Lo zenit della retorica sull’impresa sociale lo si raggiunge perorando la causa del coinvolgimento degli utenti all’interno di queste imprese. Utenti che peraltro appaiono sempre più un pluriverso di soggetti che andrebbe mappato con maggiore attenzione per individuare le giuste strategie di “ingaggio”. Guardando, ad esempio, alle modalità di fruizione dei beni e dei servizi (in forma diretta o come beneficiari indiretti) e naturalmente considerando l’apporto in termini di risorse (dal cliente “nudo e crudo” che paga fronte fattura per il servizio acquistato, all’utente che cofinanzia attraverso un voucher fornito dalla Pubblica Amministrazione, fino alle forme di contribuzione in kind alla produzione del bene attraverso la fornitura “di opere e di servizi”: volontariato, risorse donative, strutturali, ecc.).
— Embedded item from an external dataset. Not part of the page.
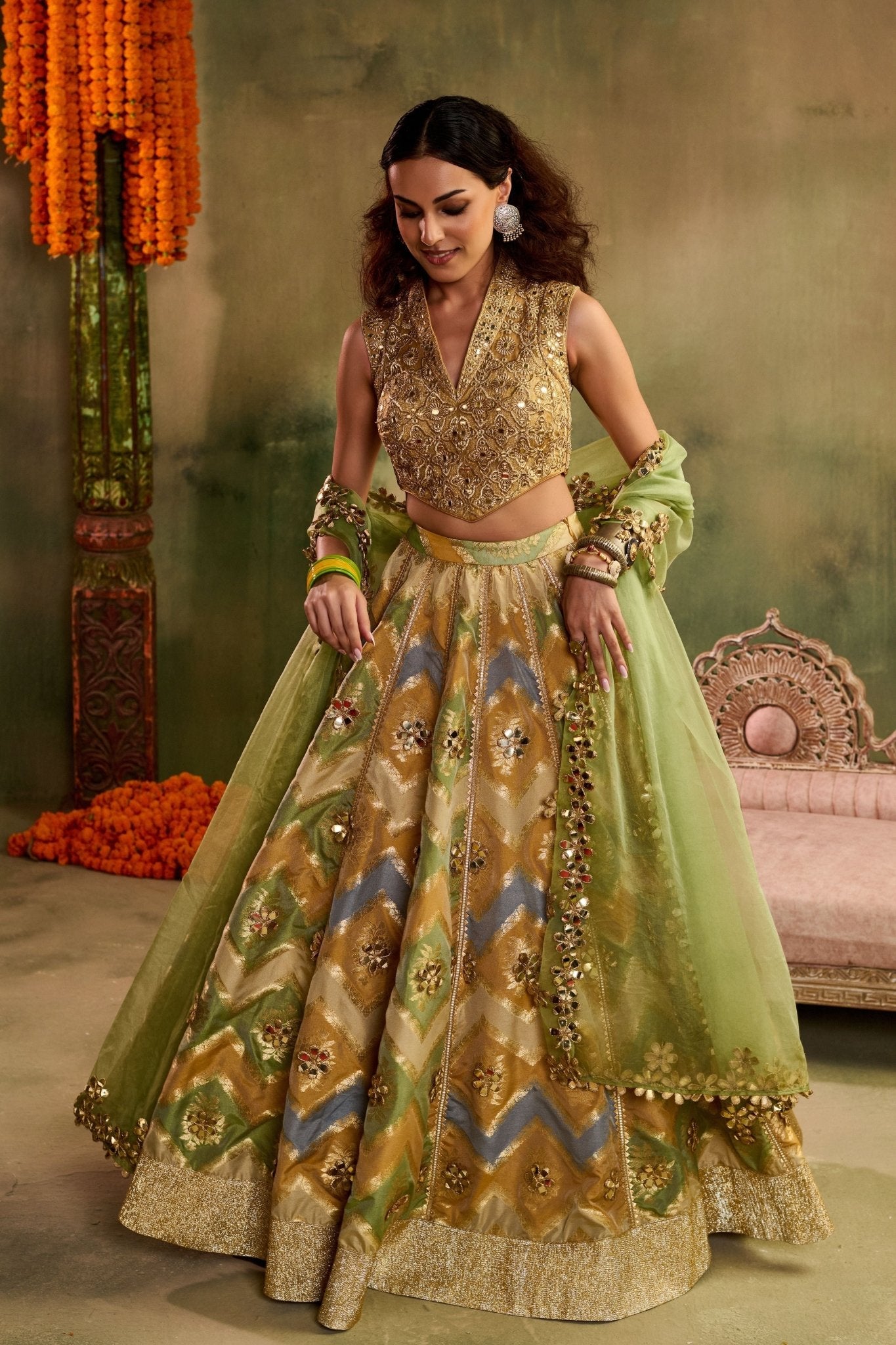 Rangrez Green Lehenga Set - Reeti Arneja - Elahe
La questione è così rilevante che in Inghilterra la dirigenza dell’impresa sociale vuole mettere il “consumer power” al centro della propria strategia. Non solo perché in quel paese – come anche nel nostro peraltro – le transazioni di mercato con i privati cittadini generano una quota di risorse crescente per le imprese sociali. Ma anche perché attraverso un rapporto chiaro e trasparente con questi stessi soggetti passa buona parte della reputazione e della legittimazione sostanziale delle imprese sociali. Su quest’ultimo punto giunge a fagiolo un’indagine semplice semplice sulla rappresentazione dell’opinione pubblica inglese sull’impresa sociale. Dati contraddittori, e per questo interessanti: 1) solo 1/3 dei rispondenti dichiara di non sapere cosa sia un’impresa sociale; 2) una stessa percentuale afferma che si tratta di un modello imprenditoriale attento alle ricadute sociali ed ambientali della propria attività; 3) solo una piccola parte (15% circa) confonde l’impresa sociale con un’organizzazione non profit qualsiasi; 4) una volta spiegato a tutti i rispondenti che cos’è un’impresa sociale il 44% si dichiara disponibile a comprare beni e servizi da queste imprese piuttosto che da quelle for profit; 5) in ogni caso una parte significativa – 29% – dichiara di non aver fiducia in un’impresa sociale che gestisce servizi pubblici. In poche parole, l’indagine certifica che attraverso l’intermediazione delle gare d’appalto pubbliche non è possibile realizzare un autentico empowerment dei consumatori nell’impresa sociale. Serve un confronto diretto rispetto a contenuti, qualità e modalità di produzione e fruizione dei beni.